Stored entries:
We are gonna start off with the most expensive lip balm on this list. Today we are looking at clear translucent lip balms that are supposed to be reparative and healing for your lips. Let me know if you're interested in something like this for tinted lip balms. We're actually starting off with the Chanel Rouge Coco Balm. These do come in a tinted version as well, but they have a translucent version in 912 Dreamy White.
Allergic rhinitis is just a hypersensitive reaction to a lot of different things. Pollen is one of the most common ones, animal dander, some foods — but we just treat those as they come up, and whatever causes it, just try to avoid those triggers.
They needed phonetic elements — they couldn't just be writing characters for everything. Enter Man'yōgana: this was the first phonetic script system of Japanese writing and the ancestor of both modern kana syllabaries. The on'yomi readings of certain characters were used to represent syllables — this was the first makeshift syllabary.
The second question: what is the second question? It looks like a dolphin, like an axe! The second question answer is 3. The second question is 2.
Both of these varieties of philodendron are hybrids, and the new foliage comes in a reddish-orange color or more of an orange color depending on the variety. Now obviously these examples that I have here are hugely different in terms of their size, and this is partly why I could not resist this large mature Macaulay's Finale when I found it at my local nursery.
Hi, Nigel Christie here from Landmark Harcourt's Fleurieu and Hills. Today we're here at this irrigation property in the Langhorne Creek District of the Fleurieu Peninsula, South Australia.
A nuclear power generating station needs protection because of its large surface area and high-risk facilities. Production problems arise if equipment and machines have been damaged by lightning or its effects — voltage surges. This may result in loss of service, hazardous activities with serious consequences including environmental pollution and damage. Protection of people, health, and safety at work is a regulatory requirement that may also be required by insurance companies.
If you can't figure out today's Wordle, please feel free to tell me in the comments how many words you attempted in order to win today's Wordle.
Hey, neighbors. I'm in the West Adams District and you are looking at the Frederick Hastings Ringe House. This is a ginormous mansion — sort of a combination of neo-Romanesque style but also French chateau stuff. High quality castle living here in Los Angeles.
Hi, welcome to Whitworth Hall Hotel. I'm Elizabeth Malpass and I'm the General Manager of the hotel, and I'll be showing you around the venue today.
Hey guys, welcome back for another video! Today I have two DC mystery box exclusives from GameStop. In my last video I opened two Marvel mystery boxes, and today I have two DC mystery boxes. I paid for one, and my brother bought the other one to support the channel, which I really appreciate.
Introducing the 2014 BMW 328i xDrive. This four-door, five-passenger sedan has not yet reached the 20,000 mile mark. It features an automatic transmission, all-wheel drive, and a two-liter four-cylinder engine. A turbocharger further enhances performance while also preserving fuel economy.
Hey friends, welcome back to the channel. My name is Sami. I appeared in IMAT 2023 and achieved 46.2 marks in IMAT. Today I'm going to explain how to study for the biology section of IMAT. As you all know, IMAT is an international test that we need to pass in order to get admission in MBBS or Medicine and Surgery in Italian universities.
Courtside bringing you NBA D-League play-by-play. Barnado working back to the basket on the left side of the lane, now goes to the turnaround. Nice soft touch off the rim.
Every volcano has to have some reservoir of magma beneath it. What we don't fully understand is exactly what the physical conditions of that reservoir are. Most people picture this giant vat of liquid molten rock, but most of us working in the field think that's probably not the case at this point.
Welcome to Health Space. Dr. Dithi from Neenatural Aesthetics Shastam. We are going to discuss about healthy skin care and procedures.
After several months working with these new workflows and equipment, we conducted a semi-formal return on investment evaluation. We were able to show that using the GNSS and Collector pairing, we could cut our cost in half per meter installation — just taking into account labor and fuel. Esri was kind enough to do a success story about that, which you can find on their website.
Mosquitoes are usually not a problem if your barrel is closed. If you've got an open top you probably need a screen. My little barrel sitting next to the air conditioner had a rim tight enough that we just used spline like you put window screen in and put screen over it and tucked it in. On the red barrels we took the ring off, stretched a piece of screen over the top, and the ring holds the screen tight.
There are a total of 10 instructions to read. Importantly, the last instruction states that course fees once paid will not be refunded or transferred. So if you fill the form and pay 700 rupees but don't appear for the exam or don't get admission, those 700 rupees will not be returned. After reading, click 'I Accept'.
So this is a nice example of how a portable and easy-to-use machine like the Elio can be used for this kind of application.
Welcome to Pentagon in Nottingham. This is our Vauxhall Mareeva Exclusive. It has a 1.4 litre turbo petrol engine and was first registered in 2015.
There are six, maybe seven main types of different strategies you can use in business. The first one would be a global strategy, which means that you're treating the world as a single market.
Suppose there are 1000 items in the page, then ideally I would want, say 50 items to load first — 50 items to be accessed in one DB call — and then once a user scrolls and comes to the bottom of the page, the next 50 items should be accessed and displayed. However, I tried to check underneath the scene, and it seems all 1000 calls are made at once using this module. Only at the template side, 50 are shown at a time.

The problem: When the line with "They needed phonetic" is reached in the data above, begin copying, and stop after the line with "Hi, Nigel Christie"; copy each line exactly, both ends included.

Output of the exercise:
They needed phonetic elements — they couldn't just be writing characters for everything. Enter Man'yōgana: this was the first phonetic script system of Japanese writing and the ancestor of both modern kana syllabaries. The on'yomi readings of certain characters were used to represent syllables — this was the first makeshift syllabary.
The second question: what is the second question? It looks like a dolphin, like an axe! The second question answer is 3. The second question is 2.
Both of these varieties of philodendron are hybrids, and the new foliage comes in a reddish-orange color or more of an orange color depending on the variety. Now obviously these examples that I have here are hugely different in terms of their size, and this is partly why I could not resist this large mature Macaulay's Finale when I found it at my local nursery.
Hi, Nigel Christie here from Landmark Harcourt's Fleurieu and Hills. Today we're here at this irrigation property in the Langhorne Creek District of the Fleurieu Peninsula, South Australia.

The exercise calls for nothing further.